→ SUPPLIED ENTRIES
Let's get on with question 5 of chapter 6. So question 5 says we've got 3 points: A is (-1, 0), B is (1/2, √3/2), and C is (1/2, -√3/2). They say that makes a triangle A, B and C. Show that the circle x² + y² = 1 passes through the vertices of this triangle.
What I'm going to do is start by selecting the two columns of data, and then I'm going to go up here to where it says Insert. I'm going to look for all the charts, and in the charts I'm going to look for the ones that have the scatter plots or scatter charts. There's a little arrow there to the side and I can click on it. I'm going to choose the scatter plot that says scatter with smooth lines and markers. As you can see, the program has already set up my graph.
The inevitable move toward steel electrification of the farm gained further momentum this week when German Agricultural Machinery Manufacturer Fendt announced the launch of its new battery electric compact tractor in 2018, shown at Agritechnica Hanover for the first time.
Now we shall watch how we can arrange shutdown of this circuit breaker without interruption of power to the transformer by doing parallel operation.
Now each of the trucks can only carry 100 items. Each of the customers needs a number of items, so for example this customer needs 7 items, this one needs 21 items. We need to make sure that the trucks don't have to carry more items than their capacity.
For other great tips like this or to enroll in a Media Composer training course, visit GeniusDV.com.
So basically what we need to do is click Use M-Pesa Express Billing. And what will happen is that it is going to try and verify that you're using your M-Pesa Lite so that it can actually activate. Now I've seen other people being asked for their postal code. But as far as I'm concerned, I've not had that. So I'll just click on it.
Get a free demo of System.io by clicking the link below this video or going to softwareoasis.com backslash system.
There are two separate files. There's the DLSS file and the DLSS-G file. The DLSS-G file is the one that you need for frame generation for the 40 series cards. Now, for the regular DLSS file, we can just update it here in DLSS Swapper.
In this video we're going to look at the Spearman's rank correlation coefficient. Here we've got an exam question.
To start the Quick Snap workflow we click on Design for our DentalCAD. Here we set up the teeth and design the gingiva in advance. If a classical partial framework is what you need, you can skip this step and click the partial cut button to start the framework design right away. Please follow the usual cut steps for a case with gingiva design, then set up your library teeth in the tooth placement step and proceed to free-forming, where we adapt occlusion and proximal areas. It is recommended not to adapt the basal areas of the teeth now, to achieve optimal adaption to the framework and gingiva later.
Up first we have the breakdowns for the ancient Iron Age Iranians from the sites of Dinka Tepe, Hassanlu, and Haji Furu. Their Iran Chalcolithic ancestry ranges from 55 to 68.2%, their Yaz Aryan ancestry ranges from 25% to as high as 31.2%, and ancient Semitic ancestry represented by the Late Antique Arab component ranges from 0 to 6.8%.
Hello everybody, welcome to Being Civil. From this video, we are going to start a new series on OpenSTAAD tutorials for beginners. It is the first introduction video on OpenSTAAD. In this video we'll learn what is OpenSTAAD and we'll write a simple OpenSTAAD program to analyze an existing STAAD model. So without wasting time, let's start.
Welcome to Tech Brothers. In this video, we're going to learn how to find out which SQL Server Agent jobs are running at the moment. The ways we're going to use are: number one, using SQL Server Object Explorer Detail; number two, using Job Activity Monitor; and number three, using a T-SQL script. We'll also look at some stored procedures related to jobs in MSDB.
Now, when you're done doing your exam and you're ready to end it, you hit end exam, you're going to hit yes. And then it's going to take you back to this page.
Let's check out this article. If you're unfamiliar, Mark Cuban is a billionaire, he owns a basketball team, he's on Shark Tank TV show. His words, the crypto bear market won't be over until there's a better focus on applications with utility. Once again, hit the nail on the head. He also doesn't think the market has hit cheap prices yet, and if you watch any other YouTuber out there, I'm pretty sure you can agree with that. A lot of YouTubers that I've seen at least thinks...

→ YOUR TASK
The expected answer holds each line from the listing above where the string "learn" is present.

→ REPLY
Hello everybody, welcome to Being Civil. From this video, we are going to start a new series on OpenSTAAD tutorials for beginners. It is the first introduction video on OpenSTAAD. In this video we'll learn what is OpenSTAAD and we'll write a simple OpenSTAAD program to analyze an existing STAAD model. So without wasting time, let's start.
Welcome to Tech Brothers. In this video, we're going to learn how to find out which SQL Server Agent jobs are running at the moment. The ways we're going to use are: number one, using SQL Server Object Explorer Detail; number two, using Job Activity Monitor; and number three, using a T-SQL script. We'll also look at some stored procedures related to jobs in MSDB.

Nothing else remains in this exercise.